Mr. Deputy Speaker (Sir Alan Haselhurst): I now call on the Chancellor of the Exchequer to move the motion entitled "Amendment of the law". It is on that motion that the debate will take place today and on the succeeding days. The remaining motions will not be put until the end of the Budget debate, next week; they will then be decided, without debate.
22 Mar 2006 : Column 303

Budget Resolutions


Motion made, and Question proposed,

      (b)   for refunding and amount of tax;

      (c)   for any relief, other than a relief that—

      (i)   so far as it is applicable to goods, applies to goods of    every description, and

      (ii)   so far as it is applicable to services, applies to services    of every description—[Mr. Gordon Brown.]
1.34 pm

Mr. David Cameron (Witney) (Con): Well, we wondered today whether we would get a Budget or a leadership bid, and I have to say that we did not get much of either. One can tell how big the crisis in the health service is—the health service did not even get a mention. If we cut through all the rhetoric, what we have is a Chancellor who has taxed too much, borrowed too much and is the roadblock to reform. He is a politician completely stuck in the past.

Of course, there are some things in the Budget that we welcome—not least because we proposed them. I particularly welcome what the Chancellor had to say about independent statistics and youth volunteering. We will look carefully at the detail, but I like what is happening: I come up with the ideas and he puts them in his Budget. [Interruption.] Bye-bye.

The Chancellor made a lot of the changes to the climate change levy, but he still has not addressed the real problem: it is a tax on energy, not a charge on carbon, which is why carbon emissions keep going up.

The Chancellor has just announced a new environment institute, but this is the same Chancellor who is closing the very laboratories that do the research into climate change. This was not a genuinely green Budget, and that is not surprising, because this Chancellor has not made a single major speech on the environment in 11 years. In a carbon-conscious world, we have got a fossil-fuel Chancellor.

I congratulate the Chancellor on what he had to say about the Olympics. I do not want to overdo it, however, as he has just spent an hour congratulating himself.
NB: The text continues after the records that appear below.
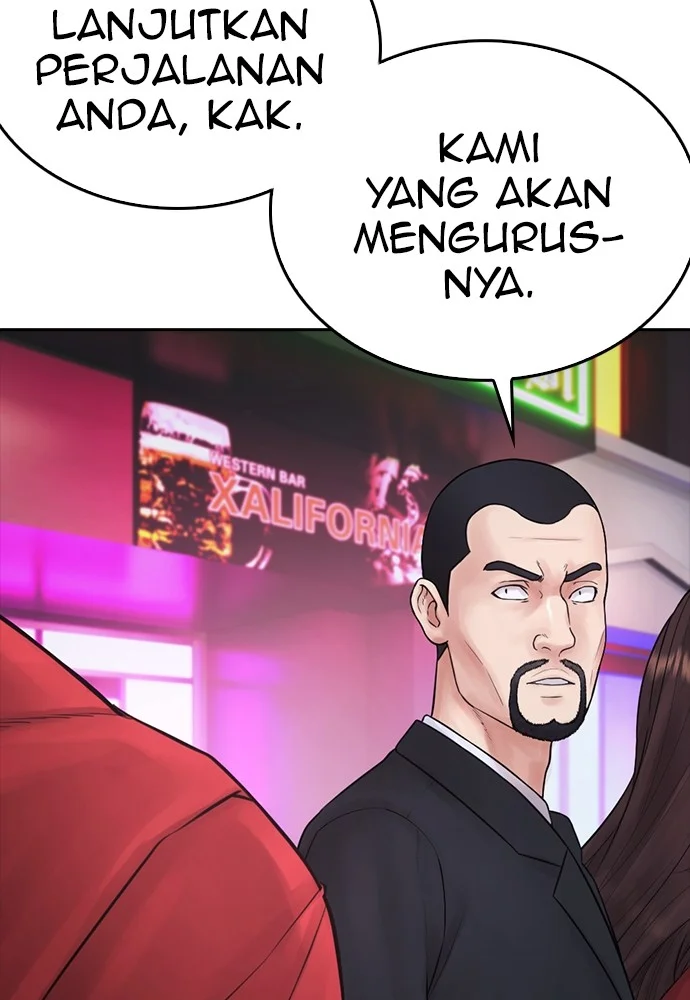 Highschool Lunch Dad Chapter 95 Gambar 179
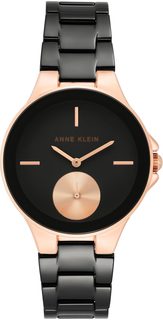 Наручные часы женские Anne Klein 3808BKRG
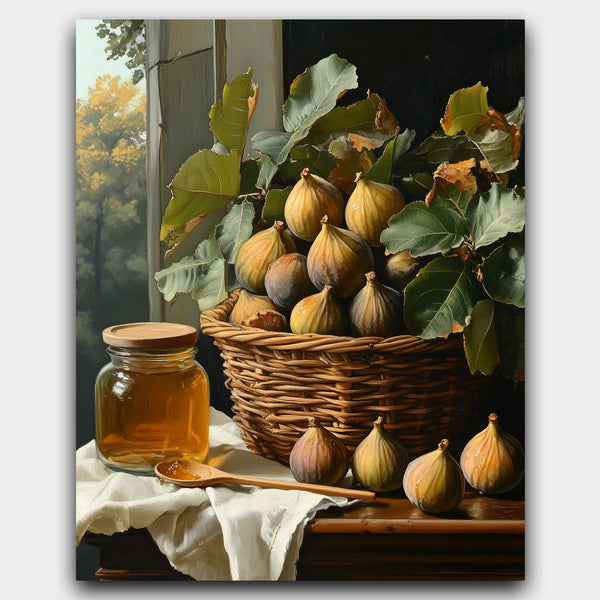 A Taste of Autumn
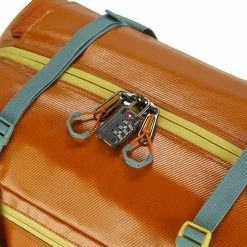 Eagle Creek Migrate  Duffel 40l dandelion yellow -Travel Bags Sales Store eagle creek migrate duffel 40l dandelion yellow 5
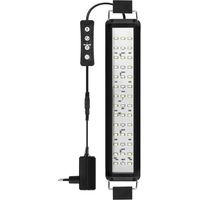 Aquarium light nobleza b408013ap 3 modes 30x7x4.3 cm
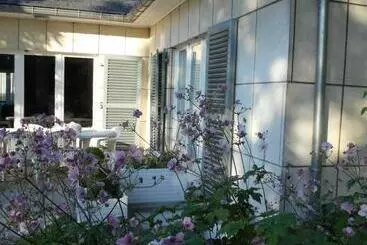 Pension Studio La Rotonde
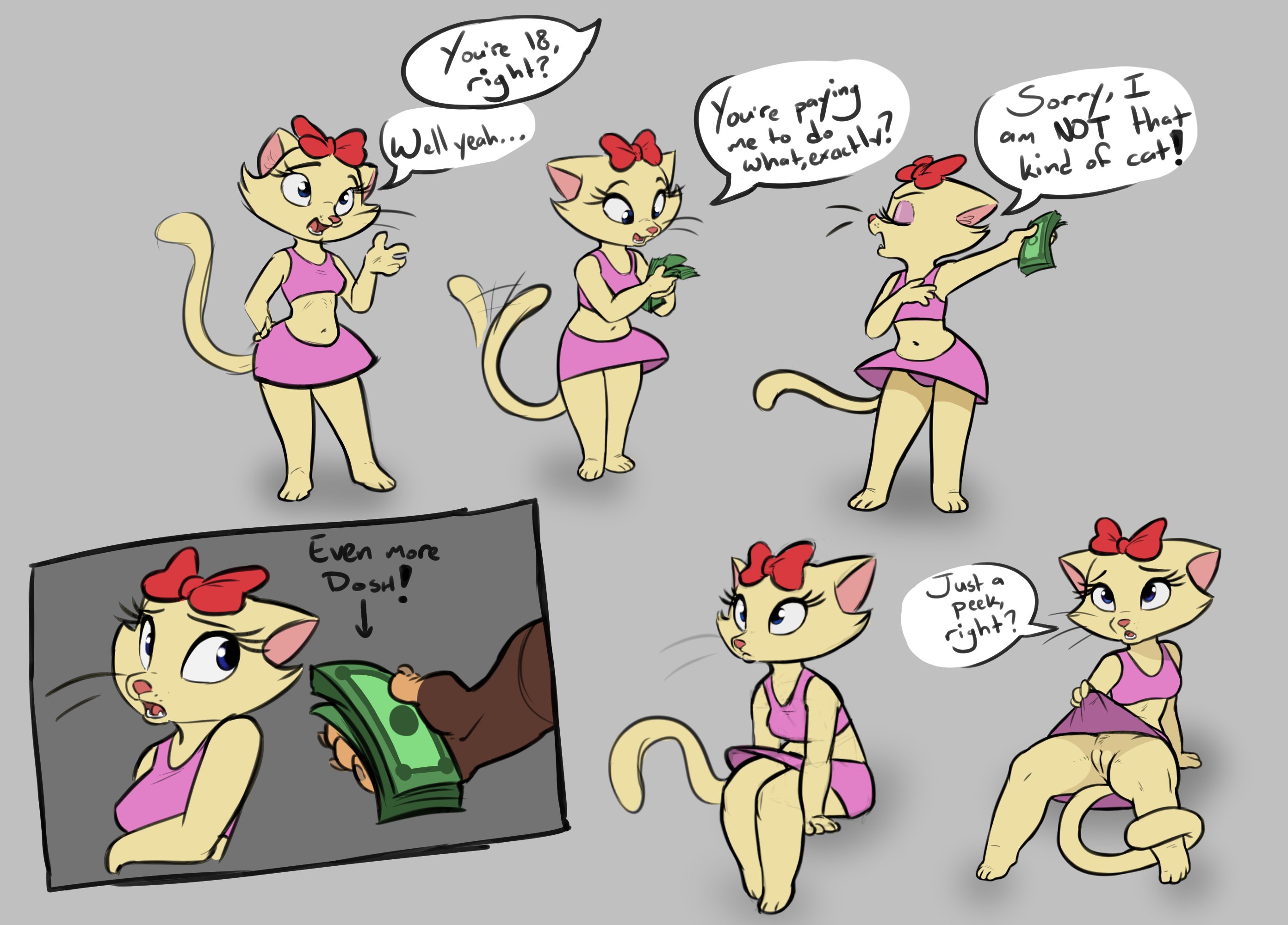Anthro Rule 34 Image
The Chancellor told us that his borrowing forecasts were correct. Yes, he correctly forecast that the public finances are in a mess. He is borrowing £37 billion this year. He told us that his economic growth forecasts were correct. Yes, he correctly forecast that Britain would grow more slowly than the United States, Canada, the G7, Spain, Ireland, the countries of the Organisation for Economic Co-operation and Development, and Australia. [Interruption.] I know that the Chancellor and the Prime Minister get to talk to each other only once a year, on Budget day, but they ought to listen to this bit.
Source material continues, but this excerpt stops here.